Back on the set of Ocean’s Eleven, Sinatra was demonstrating his devotion to power in a different way. Danny Ocean is the embodiment of Sinatra as the leader of the Rat Pack, the guy who comes from the wrong side of the tracks, who leads through a combination of charisma and courage. This is made starkly clear in Ocean’s relationship to Peter Lawford’s Jimmy Foster in the film. During their World War II service, Foster was the officer, the lieutenant; Ocean, the non-com, the sergeant. Foster and the other men all defer to Ocean, though, and it is clear that this has always been their relationship.
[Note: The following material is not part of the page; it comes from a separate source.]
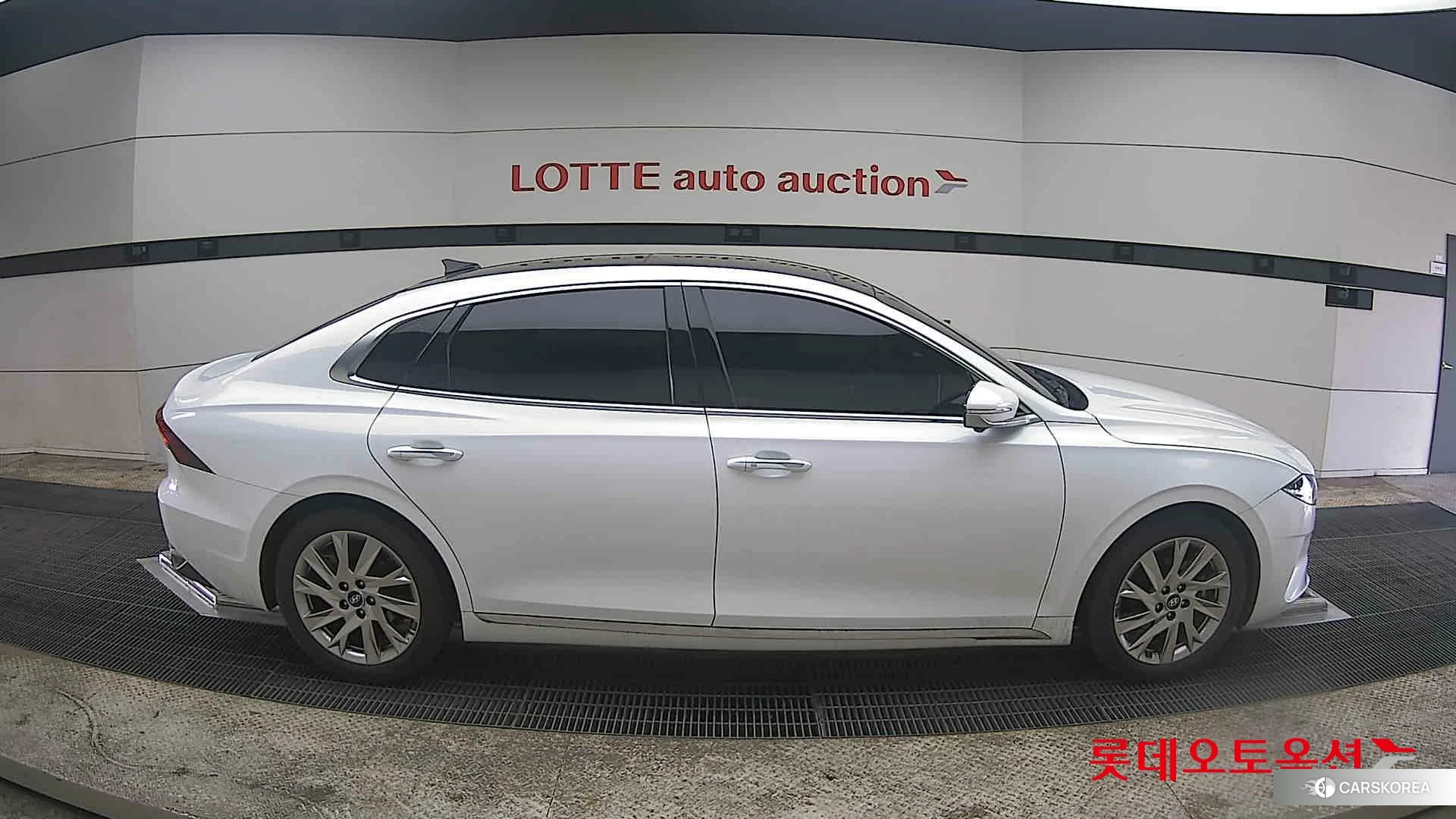 Hyundai Grandeur Hybrid id 3875705 из Кореи 23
Blending the Public and Private

Ocean’s Eleven does not have characters so much as it has types. All the types just happen to match the public personae of the various members of the Rat Pack.

Besides Sinatra playing it slightly roguish and totally cool, there is Dean Martin. Martin’s Sam Harmon embodies a different kind of cool than Sinatra; he is the singing, jovial pal who sees right through the robbery plan, telling Ocean, “The percentage is always with the house.” Harmon nevertheless goes along with the scheme, putting camaraderie before common sense.

There’s an exchange between Martin and MacLaine, playing a drunken bystander, in a parking lot that distills the essence of the Rat Pack. Harmon turns on charm, wishing her a happy New Year. She objects. He wants to know who he has to be to wish her a happy new year. She says Ricky Nelson. He tells her, “I used to be Ricky Nelson. I’m Perry Como now.” Identifying the difference between the Rat Pack and that particular sedate crooner, she replies, “No, you’re not — you move.”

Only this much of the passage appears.